● Information provided
____________________

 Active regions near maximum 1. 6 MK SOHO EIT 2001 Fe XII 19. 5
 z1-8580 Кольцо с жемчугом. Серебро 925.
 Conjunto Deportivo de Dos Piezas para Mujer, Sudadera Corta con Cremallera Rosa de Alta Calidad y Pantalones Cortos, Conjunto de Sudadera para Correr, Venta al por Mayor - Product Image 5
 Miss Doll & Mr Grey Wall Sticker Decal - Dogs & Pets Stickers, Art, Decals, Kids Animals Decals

____________________

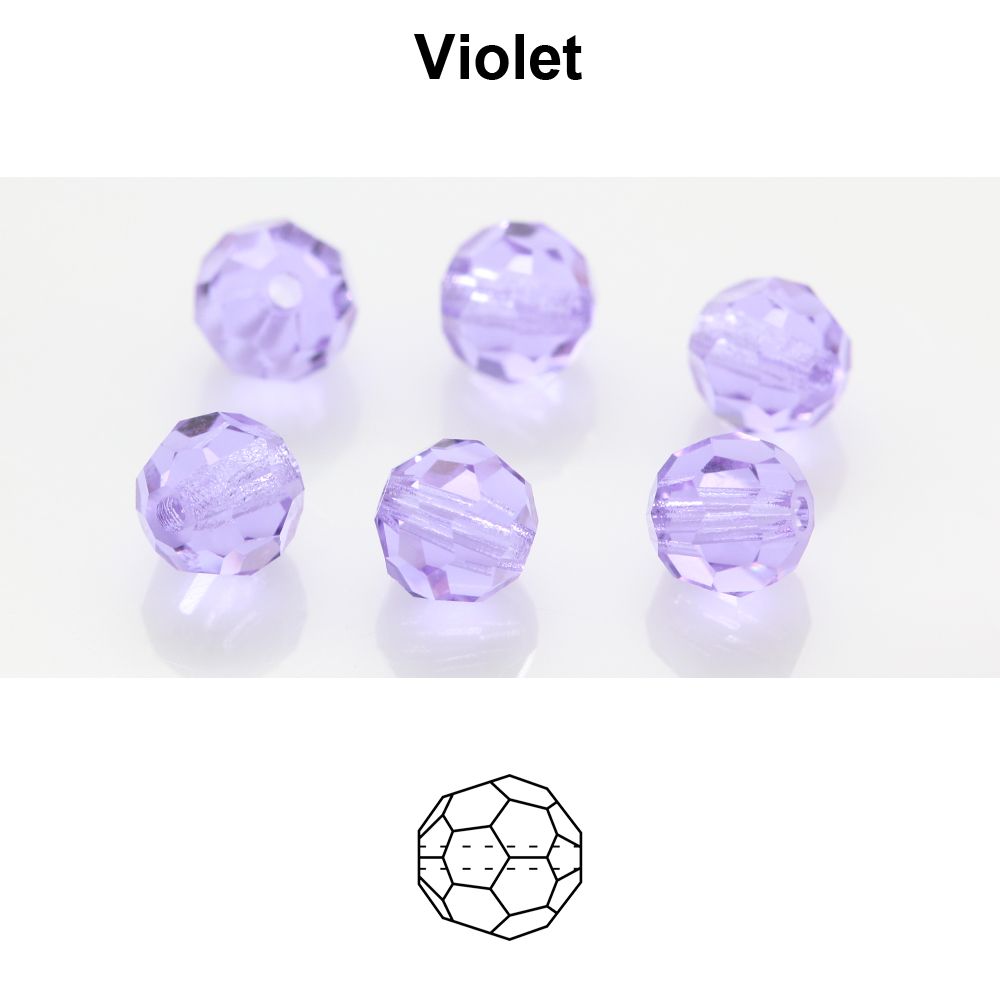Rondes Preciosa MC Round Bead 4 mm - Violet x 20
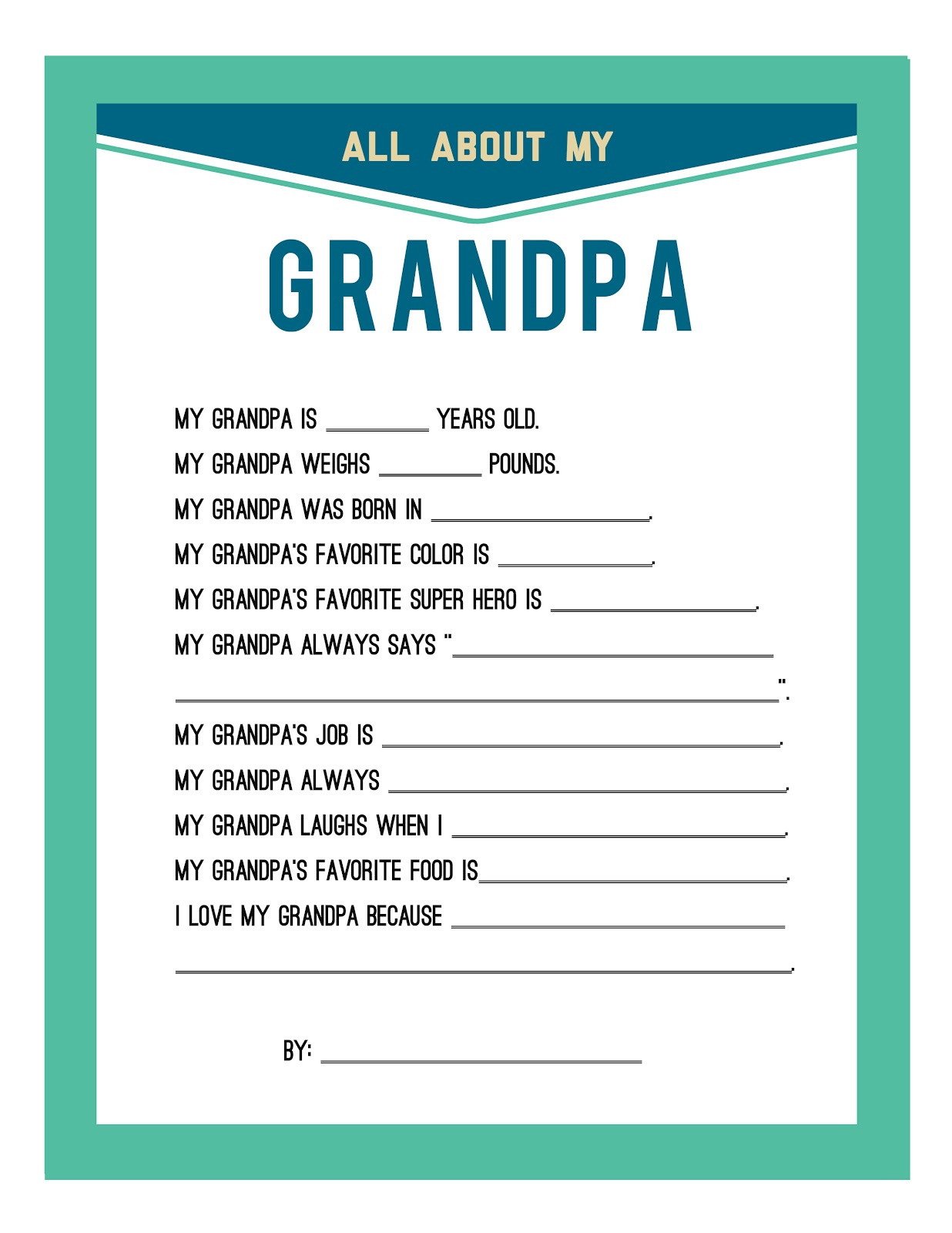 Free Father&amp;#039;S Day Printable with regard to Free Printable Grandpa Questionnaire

____________________

● Instructions for the task
Please reproduce, exactly as they appear above, the lines from the line containing "Active regions near" up to and including the line containing "Miss Doll &".

● Exercise answer
 Active regions near maximum 1. 6 MK SOHO EIT 2001 Fe XII 19. 5
 z1-8580 Кольцо с жемчугом. Серебро 925.
 Conjunto Deportivo de Dos Piezas para Mujer, Sudadera Corta con Cremallera Rosa de Alta Calidad y Pantalones Cortos, Conjunto de Sudadera para Correr, Venta al por Mayor - Product Image 5
 Miss Doll & Mr Grey Wall Sticker Decal - Dogs & Pets Stickers, Art, Decals, Kids Animals Decals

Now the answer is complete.